I really think the repetition in manners instruction does the same thing – gives a way for good manners to be at the top of a child’s mind even during a situation that is new or stressful.
Hello, Deb. Thank you so much for this post. I am glad it is still on time for me. My kids are quite good at saying thank you, but I still think they could do better, like adding something about the present. I was considering preparing the thank you cards with them this year. I still will do, but you gave me the idea of preparing them beforehand. We can do the decorations and leave the message for after Christmas, so we can add something special about the present itself. Every time I come here, I learn a new thing. God bless you!
Deb Chitwood says
Thanks so much for your kind comment, Hilra! I like your idea of preparing thank you notes beforehand but leaving the decorations and message for after Christmas. God bless you, too!

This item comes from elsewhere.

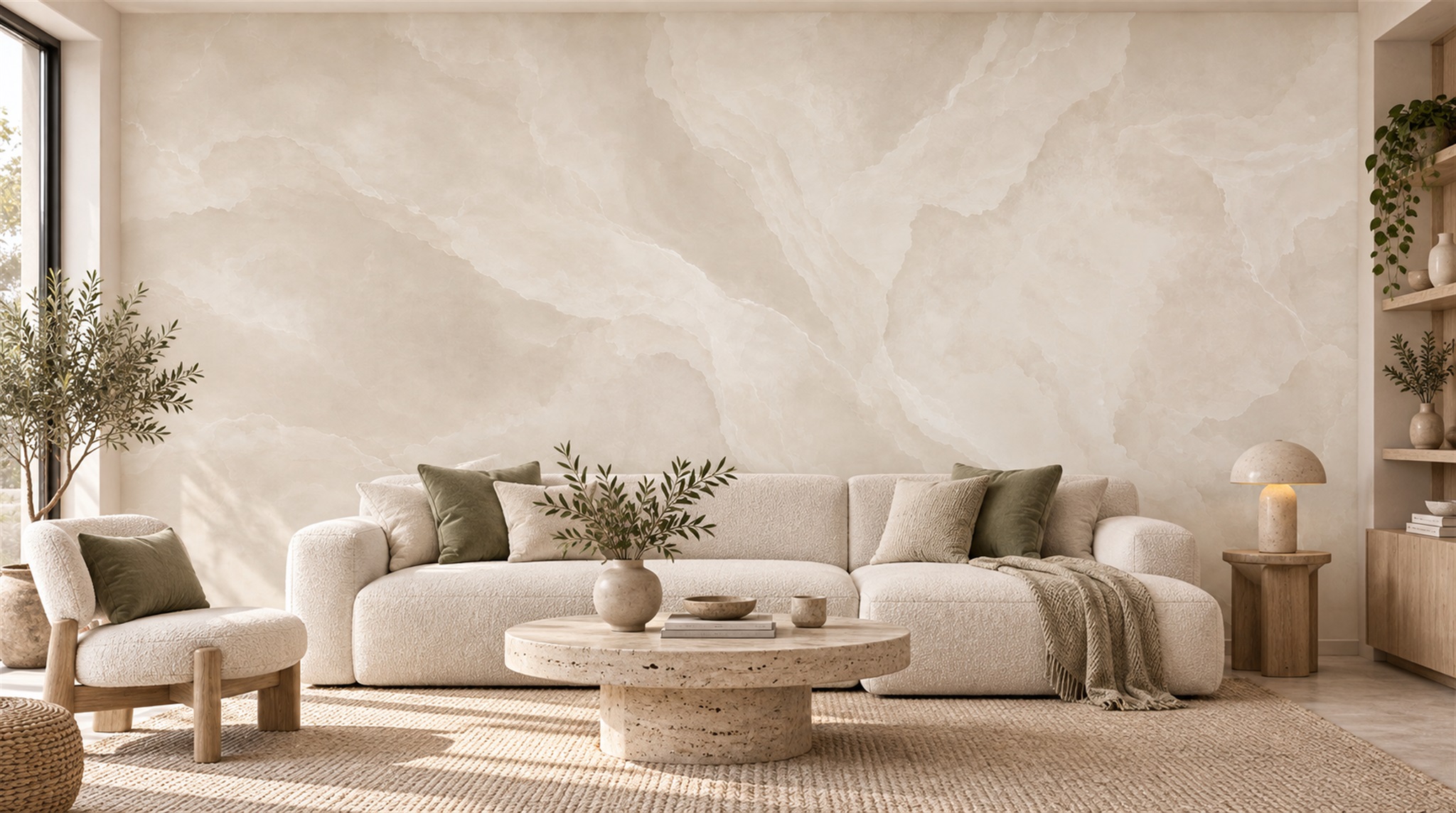 Ivory Marble Veining Japandi Wallpaper Mural Main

I will have a look around to see if I find a post on “eye contact”, but if not, I will be back to ask you some advice 😉
Deb Chitwood says
Thanks so much for bringing attention to the topic of eye contact. I just started a discussion thread in Blog Frog called “Do you think it’s appropriate for children to make eye contact and/or offer their hand to shake hands with an adult?”: http://theblogfrog.com/1378313/forum/69966/do-you-think-it’s-appropriate-for-children-to-make-eye-contact-and-or-offer-their-hand-to-shake-hands-with-an-adult.html. I’d love to hear about your cultural traditions and anything you find online about eye contact!
From the number of comments, it seems that people agree with you that this is important – and I do, too! My son and I had fun the other day practicing receiving gifts. I had him pretend to open a gift from me and said, “It’s spinach!!” to test his courtesy when getting a gift he didn’t exactly want. He passed the test, grinning. But this is a comprehensive list that I will have to use as a model next time we do it. I hadn’t thought to tack on putting the wrapping paper away and reminding him that he writes a thank you note later. This will round out our role play!

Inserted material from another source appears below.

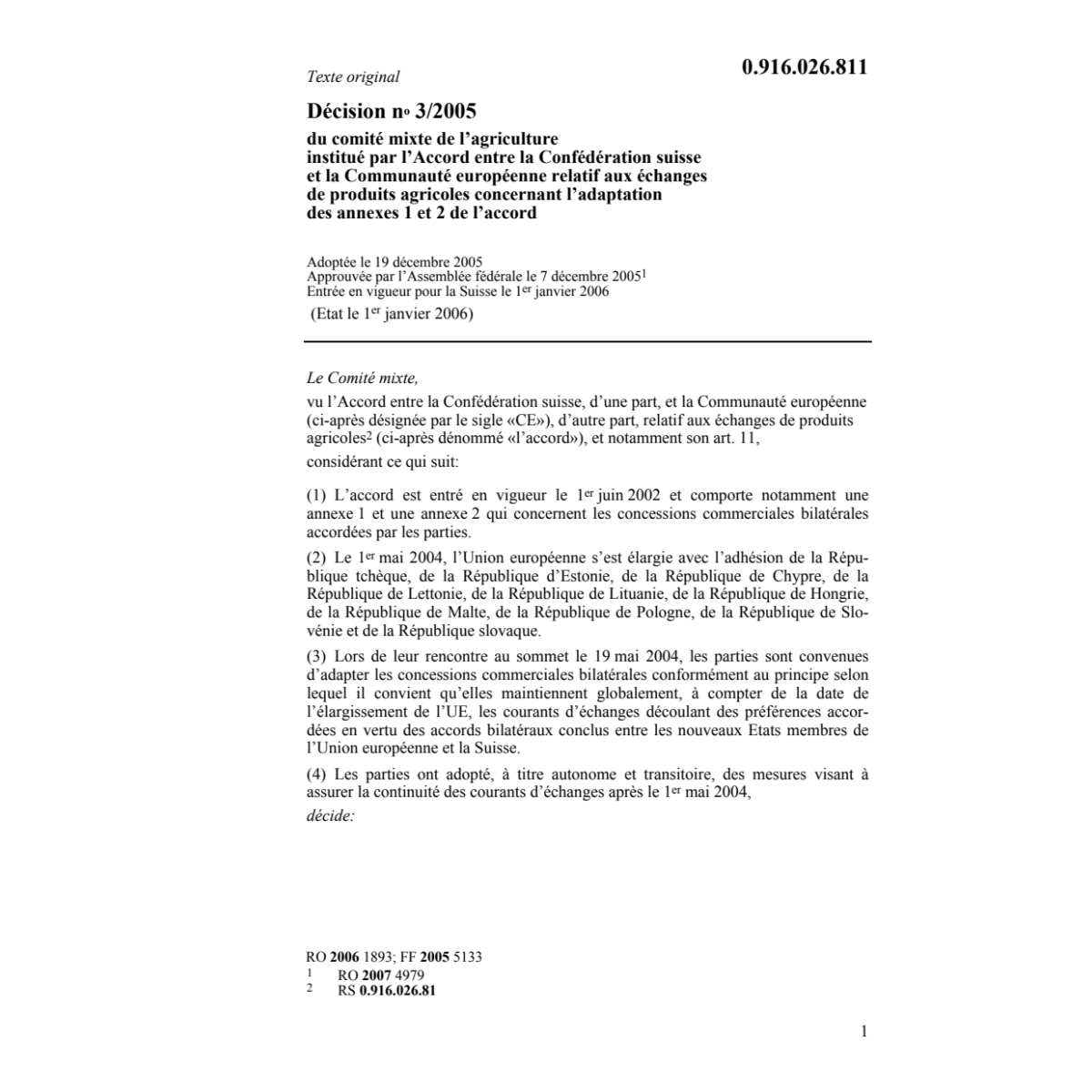 D No 3/2005 échanges produits agricoles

Thanks so much for your kind comment, Kristy! I love your idea of having your son say, “It’s spinach!” 🙂
Little Wonders' Days says
You know I loved this post last year and I love it every bit as much this year! Thanks for the wonderful reminder and for linking up to AfterSchool.
Thanks, Kelly! And I’ve always loved your related post, which I’d added to https://livingmontessorinow.com/2011/09/13/grace-and-courtesy-games-at-home-or-school/. 🙂
This is such great advice! Thanks for joining in the Afterschool Blog Hop!
Thanks, Julie! I’m definitely an advocate of preparing children for events in advance. Have a wonderful holiday season! 🙂
Great ideas, I especially liked the suggestion of practicing through pretend play. Visiting from Afterschool!
Thanks so much, Natalie! It’s nice that kids can have fun while learning good manners! Have a great holiday season! 🙂
Thanks for the nice tips. Being a teacher it will helps me lot. Great article.